[Short text fragments from websites]

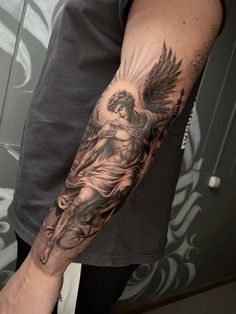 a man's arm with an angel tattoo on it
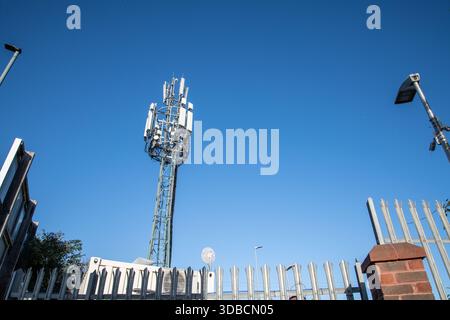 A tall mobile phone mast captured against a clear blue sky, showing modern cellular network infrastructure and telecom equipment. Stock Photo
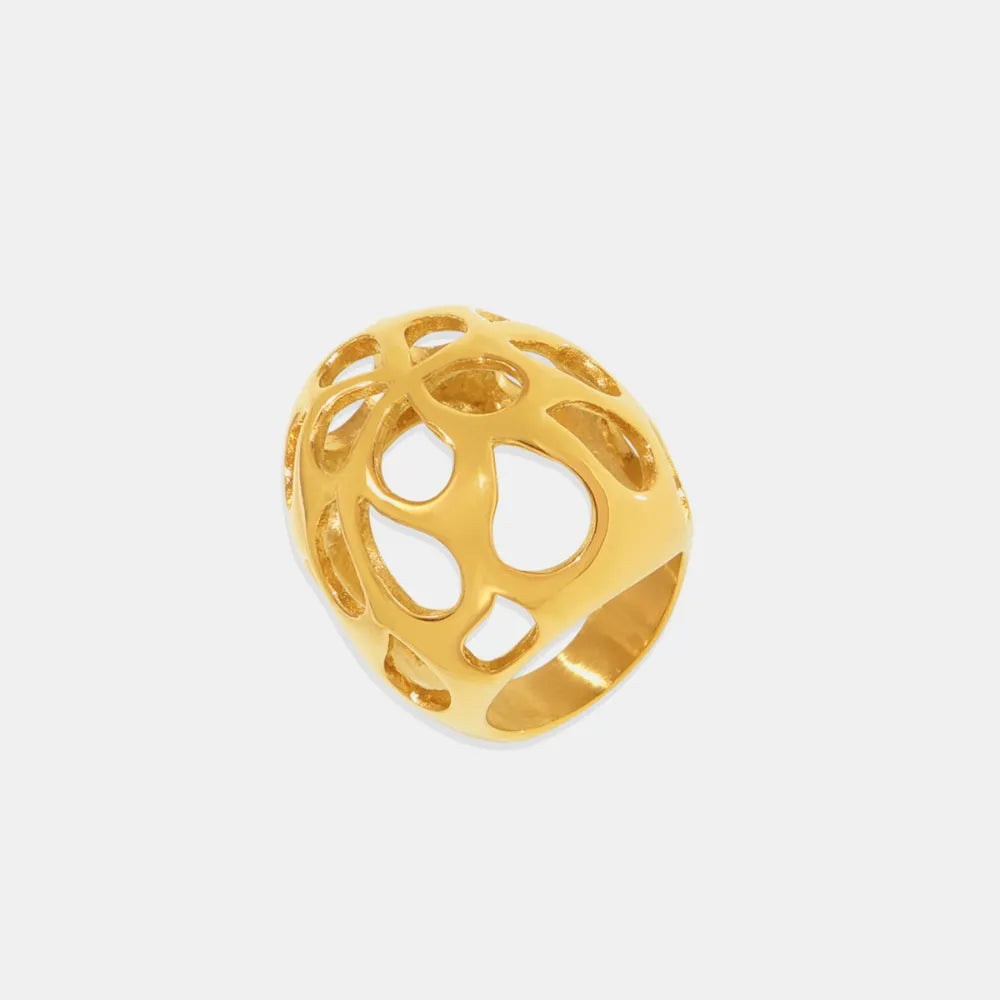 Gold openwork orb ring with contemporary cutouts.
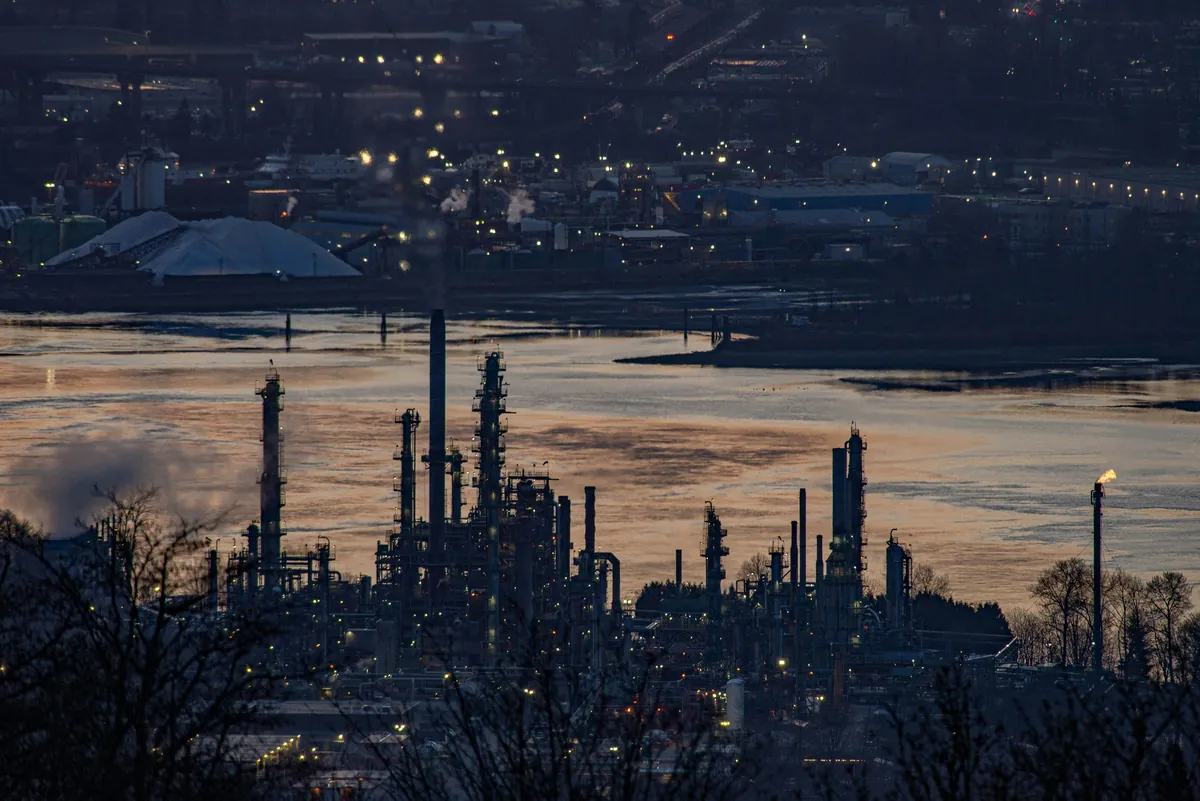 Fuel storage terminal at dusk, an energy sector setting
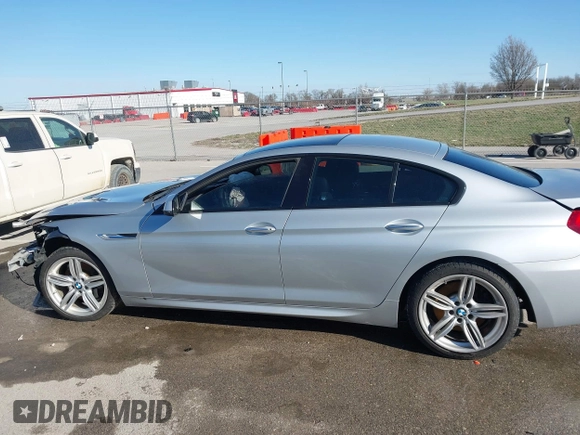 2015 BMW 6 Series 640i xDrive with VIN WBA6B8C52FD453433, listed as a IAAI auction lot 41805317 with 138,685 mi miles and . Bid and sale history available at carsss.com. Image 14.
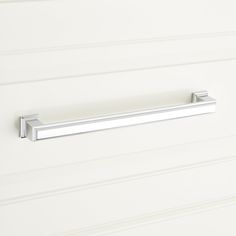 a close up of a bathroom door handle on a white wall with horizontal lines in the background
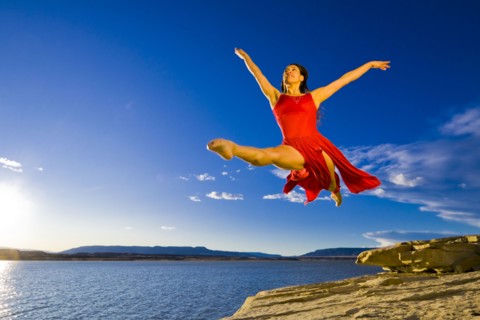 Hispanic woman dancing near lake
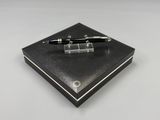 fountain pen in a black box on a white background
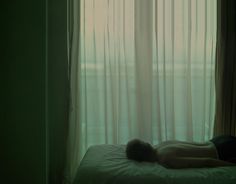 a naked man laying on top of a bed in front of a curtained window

[TASK OBJECTIVE]
With pictures excluded, the lines running from the one containing "Hispanic woman dancing near lake" through the last line of the records above are to be restated exactly and in full.

[COMPLETED TASK]
 Hispanic woman dancing near lake
 fountain pen in a black box on a white background
 a naked man laying on top of a bed in front of a curtained window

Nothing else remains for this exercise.